Und so habe sie auch ihrer Hausbank bei der Kreditvergabe erst einmal erklären müssen, warum sie eher bereit war, den deutlich unbequemeren Weg mit all seinen drohenden Baustrapazen einzuschlagen: "Ich sagte ihnen, dass ich mit der Selbstständigkeit meinen persönlichen Traum leben will – und dass ich mich in der zum Kauf angebotenen, bereits komplett sanierten und ausgestatteten Praxis schlicht nicht wiedererkenne. Zum Glück konnte ich die Banker mit dieser konsequenten Haltung tatsächlich überzeugen."
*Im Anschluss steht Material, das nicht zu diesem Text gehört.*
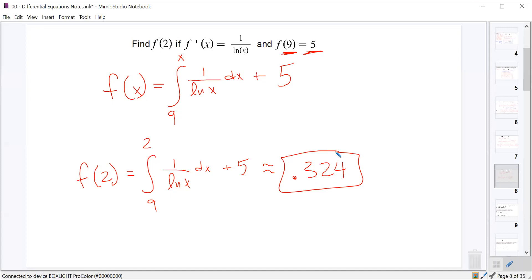That's it for today. Next time we're going to look at motion differential equation problems — instead of just going from position to velocity to acceleration using derivatives, we'll go the opposite direction: from acceleration to velocity to position using integrals. That's our basic intro to differential equations and finding particular solutions.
Traum der Selbstständigkeit in Stadtvilla
Dass die Wahl schließlich auf eine im Jahr 1880 erbaute Villa in ihrer Geburtsstadt Stade fiel, hat Julia Witthohn nicht zuletzt ihrem Vater zu verdanken: "Ihm hatte ich eines Tages, eher aus Jux, den Link zu dieser im Internet angebotenen Immobilie geschickt. Und zwei Wochen später rief er mich plötzlich an und teilte mir mit, er habe mit dem Verkäufer einen Besichtigungstermin vereinbart." Zu diesem erschienen dann neben dem Herrn Papa auch eine Vertreterin vom Dental Depot sowie ihr persönlicher Finanzberater Nobert Demir aus Hamburg: "Alle drei haben mich davon überzeugt, dass sich mein Traum von der Selbstständigkeit in der Stadtvilla tatsächlich würde umsetzen lassen."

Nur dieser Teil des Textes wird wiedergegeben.